Exercise objective.
Scan the listing for the word "Green", and copy out each line where it is found.
######
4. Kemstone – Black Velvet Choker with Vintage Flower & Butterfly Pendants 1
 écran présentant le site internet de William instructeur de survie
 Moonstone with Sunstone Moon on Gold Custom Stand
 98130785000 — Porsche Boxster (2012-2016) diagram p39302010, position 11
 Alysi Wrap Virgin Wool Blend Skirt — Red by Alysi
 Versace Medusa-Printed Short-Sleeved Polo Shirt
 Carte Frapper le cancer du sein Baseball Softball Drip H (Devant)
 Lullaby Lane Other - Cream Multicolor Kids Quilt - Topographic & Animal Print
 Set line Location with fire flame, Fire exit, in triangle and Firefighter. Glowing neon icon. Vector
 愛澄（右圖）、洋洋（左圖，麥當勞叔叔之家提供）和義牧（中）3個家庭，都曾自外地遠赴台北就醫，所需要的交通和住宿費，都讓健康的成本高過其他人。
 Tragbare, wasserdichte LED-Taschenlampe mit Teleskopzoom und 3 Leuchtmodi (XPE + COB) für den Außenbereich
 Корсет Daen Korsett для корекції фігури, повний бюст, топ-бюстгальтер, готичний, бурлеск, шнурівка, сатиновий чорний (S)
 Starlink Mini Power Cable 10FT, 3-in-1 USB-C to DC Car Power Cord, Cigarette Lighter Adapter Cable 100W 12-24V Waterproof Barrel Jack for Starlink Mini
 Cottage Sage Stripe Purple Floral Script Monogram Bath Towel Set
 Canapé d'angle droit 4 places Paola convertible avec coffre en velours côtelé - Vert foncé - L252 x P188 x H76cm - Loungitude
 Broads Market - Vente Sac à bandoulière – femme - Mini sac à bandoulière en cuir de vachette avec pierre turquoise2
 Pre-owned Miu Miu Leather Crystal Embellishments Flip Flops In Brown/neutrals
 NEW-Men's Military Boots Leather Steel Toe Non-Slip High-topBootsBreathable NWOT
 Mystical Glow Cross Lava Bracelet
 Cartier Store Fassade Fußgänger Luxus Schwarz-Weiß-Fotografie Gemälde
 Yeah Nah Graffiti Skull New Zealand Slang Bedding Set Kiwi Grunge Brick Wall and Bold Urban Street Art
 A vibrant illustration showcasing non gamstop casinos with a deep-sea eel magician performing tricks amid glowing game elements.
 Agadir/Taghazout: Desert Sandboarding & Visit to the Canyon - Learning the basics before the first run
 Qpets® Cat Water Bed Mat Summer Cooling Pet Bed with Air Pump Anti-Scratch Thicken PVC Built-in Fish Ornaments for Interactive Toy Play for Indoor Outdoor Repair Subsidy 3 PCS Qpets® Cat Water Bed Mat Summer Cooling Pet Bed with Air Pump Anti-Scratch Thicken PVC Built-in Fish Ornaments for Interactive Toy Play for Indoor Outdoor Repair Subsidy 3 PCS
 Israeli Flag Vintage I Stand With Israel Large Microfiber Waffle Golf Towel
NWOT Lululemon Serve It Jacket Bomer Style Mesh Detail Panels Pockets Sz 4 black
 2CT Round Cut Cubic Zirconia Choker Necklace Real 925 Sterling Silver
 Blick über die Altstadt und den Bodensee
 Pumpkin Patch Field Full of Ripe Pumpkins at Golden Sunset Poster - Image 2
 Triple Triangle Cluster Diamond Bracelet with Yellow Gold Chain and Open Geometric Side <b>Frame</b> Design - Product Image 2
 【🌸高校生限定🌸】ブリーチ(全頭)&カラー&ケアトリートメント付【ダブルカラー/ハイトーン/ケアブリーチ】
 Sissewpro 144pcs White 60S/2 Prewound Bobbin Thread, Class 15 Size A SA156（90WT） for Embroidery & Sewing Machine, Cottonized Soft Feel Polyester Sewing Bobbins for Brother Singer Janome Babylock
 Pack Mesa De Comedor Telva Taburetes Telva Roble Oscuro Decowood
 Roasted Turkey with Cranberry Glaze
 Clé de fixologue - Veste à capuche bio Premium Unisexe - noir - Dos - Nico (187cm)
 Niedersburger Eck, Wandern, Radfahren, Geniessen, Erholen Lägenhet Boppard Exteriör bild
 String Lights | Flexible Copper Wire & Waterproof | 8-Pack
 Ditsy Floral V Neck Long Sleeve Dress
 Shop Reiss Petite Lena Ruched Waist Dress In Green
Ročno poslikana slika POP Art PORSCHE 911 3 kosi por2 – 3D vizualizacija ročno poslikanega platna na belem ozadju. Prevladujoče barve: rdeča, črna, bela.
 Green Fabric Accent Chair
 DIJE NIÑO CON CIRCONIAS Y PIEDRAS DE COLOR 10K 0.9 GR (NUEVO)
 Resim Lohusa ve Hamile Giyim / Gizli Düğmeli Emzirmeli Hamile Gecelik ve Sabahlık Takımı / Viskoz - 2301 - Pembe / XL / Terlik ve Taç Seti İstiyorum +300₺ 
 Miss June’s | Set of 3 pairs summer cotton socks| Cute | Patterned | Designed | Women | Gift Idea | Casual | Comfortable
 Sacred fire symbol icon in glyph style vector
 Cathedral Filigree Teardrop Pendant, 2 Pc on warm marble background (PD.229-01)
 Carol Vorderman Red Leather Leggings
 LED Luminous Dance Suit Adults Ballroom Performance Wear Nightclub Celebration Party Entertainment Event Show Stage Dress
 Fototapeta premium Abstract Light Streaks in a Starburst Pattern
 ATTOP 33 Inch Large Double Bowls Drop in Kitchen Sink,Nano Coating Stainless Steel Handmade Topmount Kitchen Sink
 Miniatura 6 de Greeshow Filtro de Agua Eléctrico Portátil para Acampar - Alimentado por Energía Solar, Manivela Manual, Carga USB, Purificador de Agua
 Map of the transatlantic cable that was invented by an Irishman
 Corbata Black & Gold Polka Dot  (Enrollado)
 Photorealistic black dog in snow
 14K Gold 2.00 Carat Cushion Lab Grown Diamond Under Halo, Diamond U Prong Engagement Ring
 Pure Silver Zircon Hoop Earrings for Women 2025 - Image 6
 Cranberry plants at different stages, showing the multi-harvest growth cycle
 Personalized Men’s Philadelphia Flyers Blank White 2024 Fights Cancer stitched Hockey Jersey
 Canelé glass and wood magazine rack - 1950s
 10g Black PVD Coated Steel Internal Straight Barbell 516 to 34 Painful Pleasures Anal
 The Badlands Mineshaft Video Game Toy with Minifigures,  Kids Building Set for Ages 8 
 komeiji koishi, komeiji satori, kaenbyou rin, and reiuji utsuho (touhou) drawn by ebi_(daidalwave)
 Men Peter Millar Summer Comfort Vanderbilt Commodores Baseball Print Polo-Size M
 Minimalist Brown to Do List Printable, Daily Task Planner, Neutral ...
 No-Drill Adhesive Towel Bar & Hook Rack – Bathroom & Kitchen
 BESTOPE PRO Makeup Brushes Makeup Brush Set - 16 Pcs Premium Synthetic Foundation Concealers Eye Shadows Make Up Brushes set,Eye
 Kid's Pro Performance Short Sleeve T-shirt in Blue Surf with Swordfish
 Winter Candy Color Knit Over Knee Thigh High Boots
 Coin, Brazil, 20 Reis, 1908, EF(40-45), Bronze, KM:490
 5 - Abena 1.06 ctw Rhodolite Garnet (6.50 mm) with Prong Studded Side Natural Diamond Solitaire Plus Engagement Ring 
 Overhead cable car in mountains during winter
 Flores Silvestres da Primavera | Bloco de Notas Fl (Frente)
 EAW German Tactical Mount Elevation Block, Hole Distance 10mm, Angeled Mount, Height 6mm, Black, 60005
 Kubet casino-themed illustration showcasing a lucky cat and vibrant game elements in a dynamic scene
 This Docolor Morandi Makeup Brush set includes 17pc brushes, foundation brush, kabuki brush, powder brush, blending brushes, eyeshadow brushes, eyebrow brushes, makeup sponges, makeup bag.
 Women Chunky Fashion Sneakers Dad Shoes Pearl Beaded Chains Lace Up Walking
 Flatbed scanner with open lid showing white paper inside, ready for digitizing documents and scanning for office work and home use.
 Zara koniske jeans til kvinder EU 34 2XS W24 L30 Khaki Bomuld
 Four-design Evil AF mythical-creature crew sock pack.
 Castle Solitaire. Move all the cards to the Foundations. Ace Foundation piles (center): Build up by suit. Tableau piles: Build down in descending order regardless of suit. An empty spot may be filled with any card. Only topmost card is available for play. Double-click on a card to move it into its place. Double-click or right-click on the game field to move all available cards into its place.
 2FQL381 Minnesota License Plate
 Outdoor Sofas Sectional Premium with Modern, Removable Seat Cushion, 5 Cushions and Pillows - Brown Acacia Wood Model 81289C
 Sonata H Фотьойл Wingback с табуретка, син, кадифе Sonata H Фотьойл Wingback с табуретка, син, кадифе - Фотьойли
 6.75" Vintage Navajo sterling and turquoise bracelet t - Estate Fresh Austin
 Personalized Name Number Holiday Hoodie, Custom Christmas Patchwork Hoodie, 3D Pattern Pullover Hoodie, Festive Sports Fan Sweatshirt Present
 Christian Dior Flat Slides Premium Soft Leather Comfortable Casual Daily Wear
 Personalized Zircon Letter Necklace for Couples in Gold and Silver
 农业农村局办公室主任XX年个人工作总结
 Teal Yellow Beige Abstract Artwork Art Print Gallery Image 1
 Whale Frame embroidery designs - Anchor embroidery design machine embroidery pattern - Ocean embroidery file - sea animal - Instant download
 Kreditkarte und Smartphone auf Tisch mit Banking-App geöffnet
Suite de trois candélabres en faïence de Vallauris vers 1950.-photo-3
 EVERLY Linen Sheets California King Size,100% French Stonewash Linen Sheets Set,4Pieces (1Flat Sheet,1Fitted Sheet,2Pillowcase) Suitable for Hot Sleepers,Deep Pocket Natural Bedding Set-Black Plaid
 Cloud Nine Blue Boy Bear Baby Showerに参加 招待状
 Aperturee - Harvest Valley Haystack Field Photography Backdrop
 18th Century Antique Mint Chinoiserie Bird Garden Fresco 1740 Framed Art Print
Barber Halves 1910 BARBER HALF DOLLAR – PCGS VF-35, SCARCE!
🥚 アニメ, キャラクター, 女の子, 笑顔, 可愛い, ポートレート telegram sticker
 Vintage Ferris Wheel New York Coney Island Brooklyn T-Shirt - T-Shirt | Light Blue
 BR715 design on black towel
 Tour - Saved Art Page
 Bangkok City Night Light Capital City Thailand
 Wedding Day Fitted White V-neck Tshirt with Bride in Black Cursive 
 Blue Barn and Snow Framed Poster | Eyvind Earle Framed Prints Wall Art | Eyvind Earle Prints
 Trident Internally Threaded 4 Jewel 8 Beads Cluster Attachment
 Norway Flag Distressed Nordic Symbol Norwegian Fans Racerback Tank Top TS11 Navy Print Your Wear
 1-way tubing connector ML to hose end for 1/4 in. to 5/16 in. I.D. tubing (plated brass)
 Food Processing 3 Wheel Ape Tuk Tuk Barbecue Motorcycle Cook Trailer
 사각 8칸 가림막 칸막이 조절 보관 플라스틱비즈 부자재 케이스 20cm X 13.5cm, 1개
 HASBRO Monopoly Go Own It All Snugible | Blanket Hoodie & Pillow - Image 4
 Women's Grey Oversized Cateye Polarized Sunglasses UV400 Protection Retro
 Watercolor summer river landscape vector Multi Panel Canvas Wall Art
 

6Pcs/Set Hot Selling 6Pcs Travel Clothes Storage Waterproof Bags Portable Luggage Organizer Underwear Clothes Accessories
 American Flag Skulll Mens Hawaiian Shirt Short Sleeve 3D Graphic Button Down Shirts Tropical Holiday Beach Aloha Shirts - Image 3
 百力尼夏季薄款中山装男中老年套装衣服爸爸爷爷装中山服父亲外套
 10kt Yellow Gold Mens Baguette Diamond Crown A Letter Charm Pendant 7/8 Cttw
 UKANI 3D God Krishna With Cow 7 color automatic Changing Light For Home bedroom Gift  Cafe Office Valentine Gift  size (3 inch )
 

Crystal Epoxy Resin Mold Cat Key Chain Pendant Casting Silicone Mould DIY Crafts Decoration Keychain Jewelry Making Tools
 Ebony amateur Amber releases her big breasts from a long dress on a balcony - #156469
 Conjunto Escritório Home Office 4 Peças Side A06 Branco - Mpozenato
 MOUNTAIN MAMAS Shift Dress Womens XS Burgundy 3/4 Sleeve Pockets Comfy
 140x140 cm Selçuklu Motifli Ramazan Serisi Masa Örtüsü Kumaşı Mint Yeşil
######
Your solution.
 Shop Reiss Petite Lena Ruched Waist Dress In Green
 Green Fabric Accent Chair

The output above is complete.